Der gute Scammer hat in seinem inventar heute mittag mehr als 200 Knives im wert von pro Knife über 100euro gehabt. Steam ist bereits informiert worden.

Dies bezieht sich auch auf Dota2 Items und co. Passt also auf wen ihr Annehmt!


----------



## thekerub (28. Mai 2014)

Danke für die Warnung. Aber mal ehrlich, wer kauft denn bitte für über 100€ ein Messer in einem Computerspiel? Für ein echtes Messer okay, wenn es ein gutes ist. Aber bei Counter Strike?


----------



## mkay87 (28. Mai 2014)

Und wie genau soll das gehen?


----------



## unre4l (28. Mai 2014)

Ich glaube ich nehme in den nächsten 2 Jahren erst einmal niemanden mehr an


----------



## rackcity (28. Mai 2014)

@thekerub: keine ahung. aber steam macht mit den % die sie sich da abzweigen sehr gut geld. es hat wohl was mit dem besagten internet pe*** zutun 

habe auch nicht sowas.. aber wer sowas haben mag, der soll sichs halt kaufen

@ mkay87: wie genau sowas gehen soll kann ich dir nicht sagen. fakt ist aber das steam in der hinsicht noch große lücken hat. und diese werden natürlich gnadenlos ausgenutzt wie man sieht.

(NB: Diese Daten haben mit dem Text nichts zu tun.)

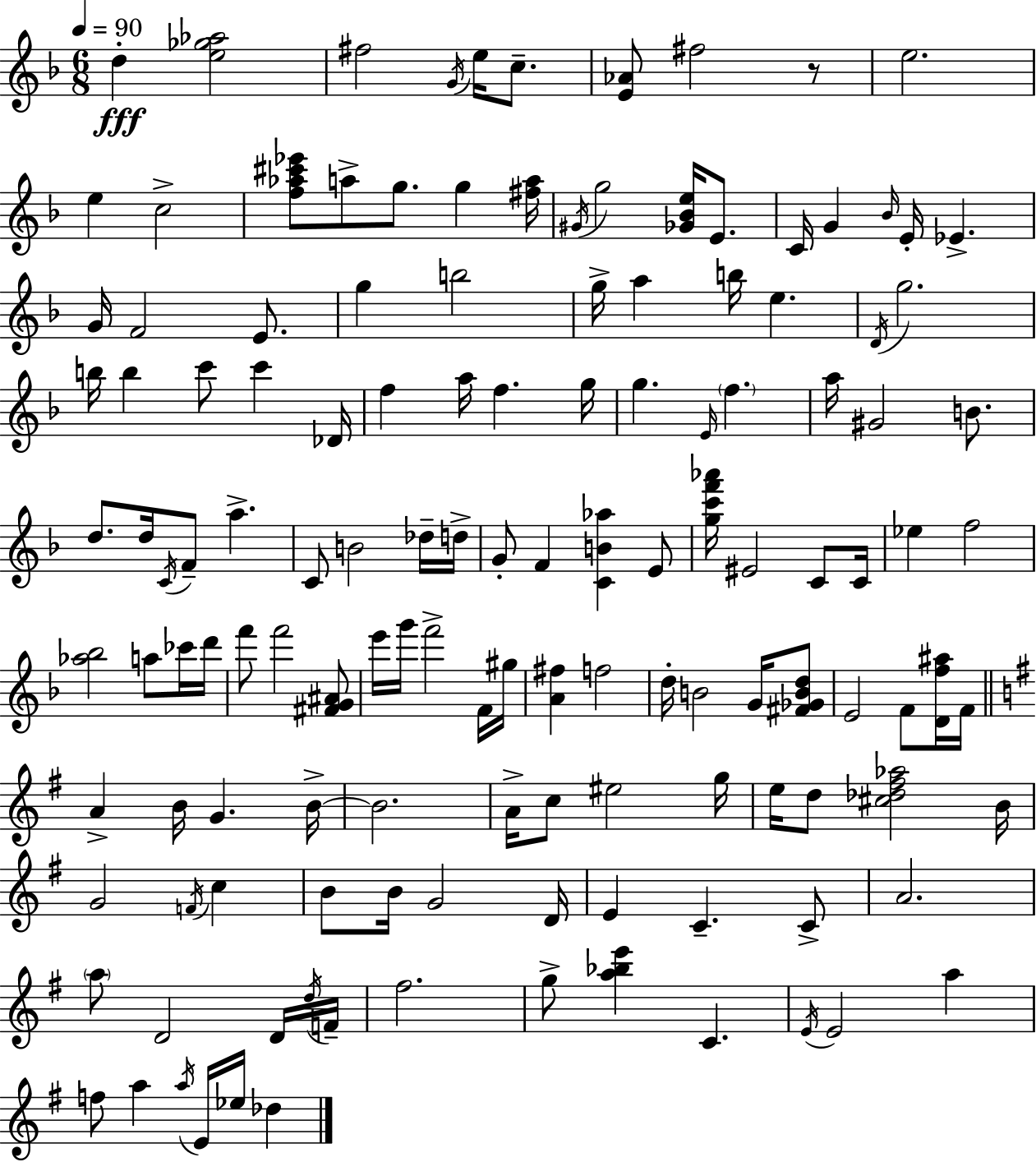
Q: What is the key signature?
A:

PS: die messer beginnen bei ca 40euro bis hin zu 300+euro. und ja, von den 300+euro knives haben genug leute welche. die welt hat wohl noch immer zuviel geld.. man kann auch so knives von kisten bekommen. die man mit einem key der 1.80€ kostet öffnen kann. jedoch ist die chance 500:1 glaube ein knife zu bekommen. somit kauft sich das jeder für mal  100-300+euro. wenn man rechnet: 500mal 1.80euro: ~900€. somit kaufen die meisten direkt eins.

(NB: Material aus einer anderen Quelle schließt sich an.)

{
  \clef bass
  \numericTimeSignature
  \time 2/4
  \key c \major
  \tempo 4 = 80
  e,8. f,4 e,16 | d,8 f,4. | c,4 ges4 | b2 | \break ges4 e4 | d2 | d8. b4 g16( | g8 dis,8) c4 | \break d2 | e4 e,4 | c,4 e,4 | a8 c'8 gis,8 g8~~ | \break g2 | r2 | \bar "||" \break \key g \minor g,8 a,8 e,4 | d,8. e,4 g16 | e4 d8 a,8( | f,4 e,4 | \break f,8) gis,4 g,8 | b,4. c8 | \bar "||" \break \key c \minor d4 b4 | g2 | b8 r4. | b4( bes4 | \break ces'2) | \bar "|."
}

ich weiß auch nicht wie weit sich dieser "hacker" oder was auch immer ausbreiten kann. ob er sogar einen steam account klauen könnte. ohne zugriff auf die email vom acc zu haben. wenn er aber auf den accounts wie oben gesagt schon zugriff hat um dadurch die items zu klauen, dann wird er sicherlich auch die ganzen steam accounts mit abziehen können.


----------



## kero81 (29. Mai 2014)

Danke für die Info!


----------



## morten44e (2. Mai 2015)

Kann man dagegen rechtlich vorgehen?


----------



## Shona (2. Mai 2015)

thekerub schrieb:


> Aber mal ehrlich, wer kauft denn bitte für über 100€ ein Messer in einem Computerspiel?

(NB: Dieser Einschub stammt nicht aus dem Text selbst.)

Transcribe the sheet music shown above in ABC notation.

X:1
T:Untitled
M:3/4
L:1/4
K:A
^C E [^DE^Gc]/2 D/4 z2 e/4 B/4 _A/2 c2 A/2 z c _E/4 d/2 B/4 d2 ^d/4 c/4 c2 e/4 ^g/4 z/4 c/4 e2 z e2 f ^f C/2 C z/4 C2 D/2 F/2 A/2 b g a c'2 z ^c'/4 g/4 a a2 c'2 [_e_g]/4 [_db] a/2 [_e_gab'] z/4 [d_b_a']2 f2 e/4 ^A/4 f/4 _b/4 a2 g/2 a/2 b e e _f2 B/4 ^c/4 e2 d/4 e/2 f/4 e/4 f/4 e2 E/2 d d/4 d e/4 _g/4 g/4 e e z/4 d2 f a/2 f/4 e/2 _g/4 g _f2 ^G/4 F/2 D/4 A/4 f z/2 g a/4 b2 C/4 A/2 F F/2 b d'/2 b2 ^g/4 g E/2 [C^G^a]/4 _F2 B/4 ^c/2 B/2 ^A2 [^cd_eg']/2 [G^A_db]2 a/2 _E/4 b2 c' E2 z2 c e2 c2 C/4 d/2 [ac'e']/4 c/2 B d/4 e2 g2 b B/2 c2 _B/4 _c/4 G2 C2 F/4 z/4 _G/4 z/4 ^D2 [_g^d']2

Ob du es glaubst oder nicht aber die teile gehen für bis zu 500€ weg je nachdem was für eins es ist



morten44e schrieb:


> Kann man dagegen rechtlich vorgehen?


Nicht wirklich, da du erstmal rausfinden musst wie er es gemacht hat.


@Topic
Dies sollte eigentlich nicht mehr so einfach gehen, schon gar nicht wenn die folgende Funktion aktiviert ist. Hat dein Kumpel diese deaktiviert hat er Pech den dann bekommt er nichtmal mehr die Items zurück




			Dieser Inhalt steht nur eingeloggten Mitgliedern zur Verfügung.
        



Aber wenn dein Kumpel bei der CSGOLounge unterwegs ist bekommt er immer solche anfragen. Kaum hab ich dort einen Trade reingestellt bekomme ich 2-3 solcher Anfragen.

Man muss sich nur merken -> Kein Steam Level, kein Spiel im Acc & Account jünger als 1 jahr -> Ignorieren/Blockieren.
Ausnahme: Ihr kennt die Person privat oder durch eine Community/Clan und sogar da sollte man vorsichtig sein.

EDit: Grade erste gesehen das der Thread aus 2014 ist -.-


----------